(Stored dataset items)
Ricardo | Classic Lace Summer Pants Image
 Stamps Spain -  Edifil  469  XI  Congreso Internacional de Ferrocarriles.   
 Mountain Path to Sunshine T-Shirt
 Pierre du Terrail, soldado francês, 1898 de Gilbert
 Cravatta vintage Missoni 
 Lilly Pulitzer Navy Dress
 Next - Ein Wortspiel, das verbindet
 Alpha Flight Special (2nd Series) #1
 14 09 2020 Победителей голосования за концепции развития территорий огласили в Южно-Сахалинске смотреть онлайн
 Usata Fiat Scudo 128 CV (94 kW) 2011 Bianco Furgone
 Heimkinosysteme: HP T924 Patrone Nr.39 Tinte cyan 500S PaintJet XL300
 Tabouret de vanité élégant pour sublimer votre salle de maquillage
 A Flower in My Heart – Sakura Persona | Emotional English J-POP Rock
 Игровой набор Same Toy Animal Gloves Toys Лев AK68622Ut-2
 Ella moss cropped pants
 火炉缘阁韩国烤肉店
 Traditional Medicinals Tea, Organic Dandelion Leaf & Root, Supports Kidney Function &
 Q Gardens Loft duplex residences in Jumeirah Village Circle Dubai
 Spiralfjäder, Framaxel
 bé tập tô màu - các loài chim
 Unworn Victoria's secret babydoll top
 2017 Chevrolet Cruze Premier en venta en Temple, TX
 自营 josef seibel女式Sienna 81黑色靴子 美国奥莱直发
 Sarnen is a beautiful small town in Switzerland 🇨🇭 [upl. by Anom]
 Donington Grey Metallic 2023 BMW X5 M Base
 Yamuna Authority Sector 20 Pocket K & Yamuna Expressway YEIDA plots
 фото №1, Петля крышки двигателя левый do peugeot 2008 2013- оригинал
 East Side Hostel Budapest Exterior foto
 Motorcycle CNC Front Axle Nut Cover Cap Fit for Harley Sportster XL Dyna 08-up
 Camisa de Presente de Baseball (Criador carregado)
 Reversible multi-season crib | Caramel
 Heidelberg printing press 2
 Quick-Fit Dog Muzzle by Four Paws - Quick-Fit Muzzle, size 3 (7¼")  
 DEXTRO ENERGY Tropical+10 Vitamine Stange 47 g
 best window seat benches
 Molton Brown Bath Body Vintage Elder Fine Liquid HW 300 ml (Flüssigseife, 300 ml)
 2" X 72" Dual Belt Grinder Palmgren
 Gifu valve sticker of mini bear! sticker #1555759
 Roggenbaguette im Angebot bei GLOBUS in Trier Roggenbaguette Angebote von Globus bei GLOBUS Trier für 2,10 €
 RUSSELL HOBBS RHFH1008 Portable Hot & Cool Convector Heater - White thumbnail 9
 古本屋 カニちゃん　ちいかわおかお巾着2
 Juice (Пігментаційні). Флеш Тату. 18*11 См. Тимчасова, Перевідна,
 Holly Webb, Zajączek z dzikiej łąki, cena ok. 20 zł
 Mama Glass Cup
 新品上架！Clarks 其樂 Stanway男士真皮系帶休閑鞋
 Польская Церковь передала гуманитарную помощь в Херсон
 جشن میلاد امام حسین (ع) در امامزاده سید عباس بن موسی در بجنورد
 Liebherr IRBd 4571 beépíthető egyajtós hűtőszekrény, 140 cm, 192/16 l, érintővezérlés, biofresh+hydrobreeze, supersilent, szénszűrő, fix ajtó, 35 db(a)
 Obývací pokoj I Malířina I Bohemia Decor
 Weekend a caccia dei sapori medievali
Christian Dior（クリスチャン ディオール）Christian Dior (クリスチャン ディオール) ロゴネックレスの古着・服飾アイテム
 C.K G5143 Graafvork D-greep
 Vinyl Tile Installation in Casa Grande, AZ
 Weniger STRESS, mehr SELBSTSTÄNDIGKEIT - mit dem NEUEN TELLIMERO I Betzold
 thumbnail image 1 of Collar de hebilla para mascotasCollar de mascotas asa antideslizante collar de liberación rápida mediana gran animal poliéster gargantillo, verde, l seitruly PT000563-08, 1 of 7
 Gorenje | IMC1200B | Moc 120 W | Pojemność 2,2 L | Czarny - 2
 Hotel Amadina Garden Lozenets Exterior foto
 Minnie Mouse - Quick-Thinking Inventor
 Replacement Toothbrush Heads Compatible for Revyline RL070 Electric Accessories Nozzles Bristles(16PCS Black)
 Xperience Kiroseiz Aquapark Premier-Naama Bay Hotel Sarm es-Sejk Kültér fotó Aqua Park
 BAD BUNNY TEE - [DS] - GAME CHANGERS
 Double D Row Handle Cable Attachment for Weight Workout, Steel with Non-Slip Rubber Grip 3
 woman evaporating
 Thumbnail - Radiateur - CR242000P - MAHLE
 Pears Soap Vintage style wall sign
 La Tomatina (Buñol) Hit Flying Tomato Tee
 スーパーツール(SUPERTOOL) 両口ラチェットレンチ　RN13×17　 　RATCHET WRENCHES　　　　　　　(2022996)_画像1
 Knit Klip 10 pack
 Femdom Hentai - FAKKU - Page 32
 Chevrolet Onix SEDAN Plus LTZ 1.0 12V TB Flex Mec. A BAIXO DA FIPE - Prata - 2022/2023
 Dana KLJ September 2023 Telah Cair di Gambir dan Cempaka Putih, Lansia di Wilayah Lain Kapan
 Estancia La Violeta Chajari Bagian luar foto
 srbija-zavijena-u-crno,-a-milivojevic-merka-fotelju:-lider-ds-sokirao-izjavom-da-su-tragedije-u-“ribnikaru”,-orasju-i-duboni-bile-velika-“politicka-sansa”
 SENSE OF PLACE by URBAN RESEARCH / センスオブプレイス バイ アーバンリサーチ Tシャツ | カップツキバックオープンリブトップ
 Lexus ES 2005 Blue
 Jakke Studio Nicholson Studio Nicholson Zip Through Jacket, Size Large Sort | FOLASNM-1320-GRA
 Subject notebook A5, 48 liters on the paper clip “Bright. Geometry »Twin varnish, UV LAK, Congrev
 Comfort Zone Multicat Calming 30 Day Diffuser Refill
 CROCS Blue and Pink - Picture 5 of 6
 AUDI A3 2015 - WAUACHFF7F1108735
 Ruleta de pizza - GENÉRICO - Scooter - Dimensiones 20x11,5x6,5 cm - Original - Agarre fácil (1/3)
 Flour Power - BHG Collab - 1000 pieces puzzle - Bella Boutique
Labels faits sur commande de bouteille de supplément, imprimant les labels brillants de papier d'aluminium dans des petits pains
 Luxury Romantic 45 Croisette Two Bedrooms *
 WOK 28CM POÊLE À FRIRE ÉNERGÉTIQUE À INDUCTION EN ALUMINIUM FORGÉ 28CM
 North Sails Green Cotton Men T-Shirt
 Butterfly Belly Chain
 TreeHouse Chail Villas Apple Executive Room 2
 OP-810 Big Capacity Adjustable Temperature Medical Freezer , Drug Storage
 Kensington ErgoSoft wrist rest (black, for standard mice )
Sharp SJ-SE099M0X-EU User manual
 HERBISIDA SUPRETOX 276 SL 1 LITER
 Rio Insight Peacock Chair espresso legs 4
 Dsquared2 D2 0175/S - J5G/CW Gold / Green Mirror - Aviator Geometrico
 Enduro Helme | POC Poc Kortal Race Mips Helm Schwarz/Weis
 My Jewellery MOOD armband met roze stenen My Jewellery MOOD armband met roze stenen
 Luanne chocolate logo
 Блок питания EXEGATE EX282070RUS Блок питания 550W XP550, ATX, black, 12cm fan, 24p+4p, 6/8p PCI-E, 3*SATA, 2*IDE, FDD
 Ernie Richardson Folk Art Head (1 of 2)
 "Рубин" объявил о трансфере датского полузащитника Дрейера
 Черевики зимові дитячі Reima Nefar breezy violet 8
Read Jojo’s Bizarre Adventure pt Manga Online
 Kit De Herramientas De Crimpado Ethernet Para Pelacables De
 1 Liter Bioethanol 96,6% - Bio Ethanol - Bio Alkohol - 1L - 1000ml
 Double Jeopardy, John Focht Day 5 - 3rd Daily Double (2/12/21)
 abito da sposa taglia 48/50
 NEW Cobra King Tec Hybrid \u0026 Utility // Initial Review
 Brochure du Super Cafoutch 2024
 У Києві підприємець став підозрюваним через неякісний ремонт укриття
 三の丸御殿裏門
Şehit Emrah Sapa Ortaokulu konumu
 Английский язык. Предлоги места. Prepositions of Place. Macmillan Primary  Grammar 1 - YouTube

§ **INSTRUCTIONS TO FOLLOW**: From the line containing "1 Liter Bioethanol" through the last line of the entries above, print each line exactly as it stands.

§ **ANSWER SECTION**:
 1 Liter Bioethanol 96,6% - Bio Ethanol - Bio Alkohol - 1L - 1000ml
 Double Jeopardy, John Focht Day 5 - 3rd Daily Double (2/12/21)
 abito da sposa taglia 48/50
 NEW Cobra King Tec Hybrid \u0026 Utility // Initial Review
 Brochure du Super Cafoutch 2024
 У Києві підприємець став підозрюваним через неякісний ремонт укриття
 三の丸御殿裏門
Şehit Emrah Sapa Ortaokulu konumu
 Английский язык. Предлоги места. Prepositions of Place. Macmillan Primary  Grammar 1 - YouTube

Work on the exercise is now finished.